The arbitrary path hierarchy is not so bad. Better than every URI just being https://domainname.com/meaninglesshash. You can also stick a short prefix in front, like https://domainname.com/v1/money/1998/etc, so that all documents created after a reorg can use a different prefix. If your reorg is so severe that there's no way to keep access to old documents under their old URI, even if it has its own prefix, it seem unlikely they'll be made available in any other location. In that context you can imagine the article is imploring you "please don't delete access to old documents".

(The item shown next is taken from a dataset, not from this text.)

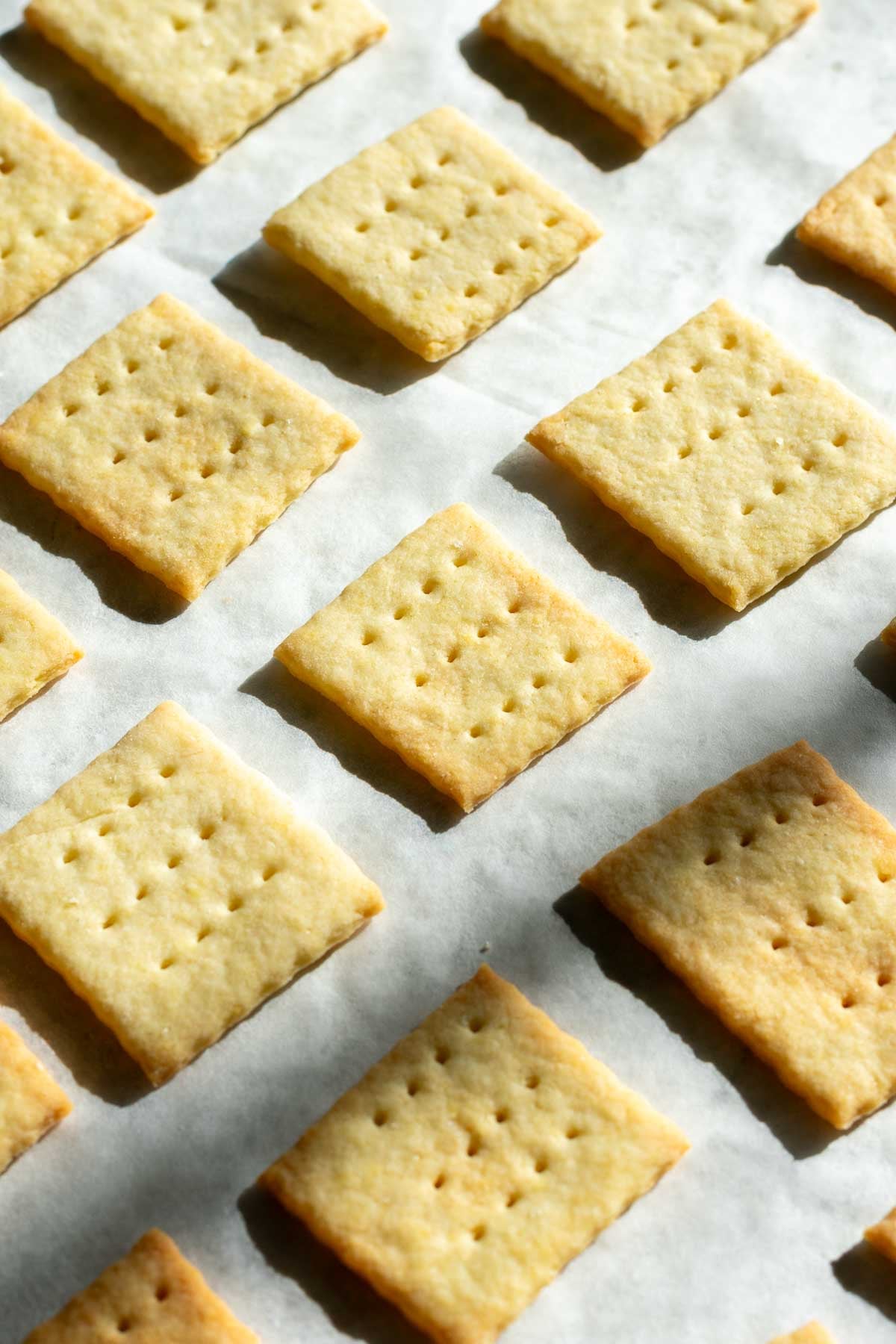 Baked Sourdough Butter Crackers in natural light.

Your remaining objections, for host name and access, boil down to "don't use URIs at all, and don't bother to avoid changing them". As I type this comment I'm starting to realise that was your whole point, but it was a bit buried alongside minor objections to this particular example. It's also perhaps a bit of an extreme point of view. Referencing a git hash alongside a URI is sensible, but on its own it's pretty useless, and many web pages won't have anything analogous.

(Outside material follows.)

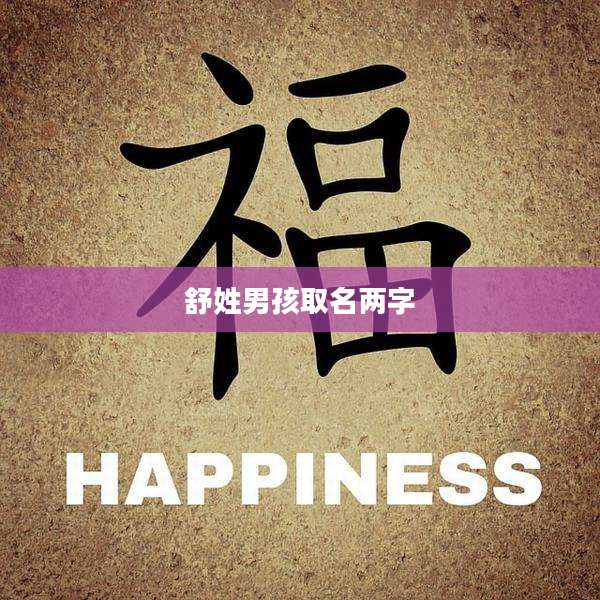 舒姓男孩取名两字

Hostname, well perhaps if a company has been merged/sold.
Path/query is really down to information architecture and planning that early on can go a long way, e.g. contact, faq belonging in a /site subdirectory.
File extension doesn't really matter nowadays
Main thing is there's no technical reasons for the change. I recently saw someone wanting to change the URLs of their entire site because they now use PHP instead of ASP. They could use their webserver for PHP to deal with those pages and save the outside world a redirect and twice as many URLs to think about.
I really wish HTTPS hadn't changed the URL scheme so you could host both HTTPS and fallback HTTP under the same URL. However most HTTPS sites will redirect http://domain/(.*) to https://domain/$1 (or at least they should) so this doesn't need to break URLs.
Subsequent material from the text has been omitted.